Single by Corey Kent

from the album Blacktop
- Released: July 10, 2023
- Genre: Country
- Length: 3:03
- Label: RCA Nashville
- Songwriters: Corey Kent; Austin Goodloe; Joybeth Taylor; Lydia Vaughan;
- Producer: Jay Joyce

Corey Kent singles chronology
| "Wild as Her" (2022) | "Something's Gonna Kill Me" (2023) | "This Heart" (2024) |

Music video
- "Something's Gonna Kill Me" on YouTube

= Something's Gonna Kill Me =

2023 single by Corey Kent

"Something's Gonna Kill Me" is a song by American country music singer Corey Kent. It was sent to country radio on July 10, 2023 as the second single from his third studio album Blacktop (2023). It was written by Kent himself, Austin Goodloe, Joybeth Taylor and Lydia Vaughan and produced by Jay Joyce.

==Background==
The song was inspired by Corey Kent's penchant for risky activities, notably riding motorcycles, and his response to people who advised him to live more cautiously, which he summarized with the line "Get busy living or get busy dying", from the film The Shawshank Redemption. Kent brought up the topic during a creative retreat in the Dallas area in October 2022, where it was one of six songs he wrote with Austin Goodloe, Joybeth Taylor and Lydia Vaughan. As the songwriters explored ways to express this sentiment, Kent came up with "Something's gonna kill me at some point, so I might as well enjoy it." The writers used the first part of that line as a title and the setup for the chorus, before finding a last line that would rhyme with "One day I'm gonna die". They initially wrote it as a breakup song, using the line "might as well be this heart of mine", but eventually settled with "Might as well be what makes me feel alive".

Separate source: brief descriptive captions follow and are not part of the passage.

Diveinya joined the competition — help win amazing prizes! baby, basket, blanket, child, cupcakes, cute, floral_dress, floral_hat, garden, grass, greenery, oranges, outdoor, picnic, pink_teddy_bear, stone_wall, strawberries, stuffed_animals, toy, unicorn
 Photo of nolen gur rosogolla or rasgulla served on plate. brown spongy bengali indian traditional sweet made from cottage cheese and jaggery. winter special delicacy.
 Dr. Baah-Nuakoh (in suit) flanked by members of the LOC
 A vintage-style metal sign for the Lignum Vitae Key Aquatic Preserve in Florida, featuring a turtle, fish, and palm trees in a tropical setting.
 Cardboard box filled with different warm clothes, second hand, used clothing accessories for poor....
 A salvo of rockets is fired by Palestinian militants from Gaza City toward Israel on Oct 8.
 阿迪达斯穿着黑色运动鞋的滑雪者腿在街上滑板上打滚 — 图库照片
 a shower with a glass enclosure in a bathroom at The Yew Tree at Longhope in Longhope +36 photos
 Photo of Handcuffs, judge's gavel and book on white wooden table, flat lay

Goodloe finished the demo in Nashville, Tennessee. The song was further polished during Kent's session with Jay Joyce. Guitarists Charlie Worsham and Rob McNelley developed a more elaborate introduction, with Worsham also adding melodies. Joyce added distinctive percussive elements and effects over the drumbeat, and signaled the guitar solo to build upward before spontaneously dropping out to expose Kent's vocal for the final chorus. The song was selected as the next single and released to country radio via PlayMPE on July 5, 2023.

==Composition==
"Something's Gonna Kill Me" is a rock-infused country song, with acoustic and electric guitars and four on the floor drumbeat. Lyrically, Corey Kent focuses on his preference for living a life that brings enjoyment rather than longevity. He lists off a number of potentially dangerous pursuits that he finds pleasure in, such as his on-the-road lifestyle, drinking whiskey and smoking, and highlights his refusal to live in fear of the consequences.

==Charts==

Chart performance for "Something's Gonna Kill Me"
| Chart (2023) | Peak position |
|---|---|
| US Bubbling Under Hot 100 (Billboard) | 14 |
| US Country Airplay (Billboard) | 40 |
| US Hot Country Songs (Billboard) | 31 |

==Certifications==

| Region | Certification | Certified units/sales |
| Canada (Music Canada) | Gold | 40,000^{‡} |
| United States (RIAA) | Platinum | 1,000,000^{‡} |
^{‡} Sales+streaming figures based on certification alone.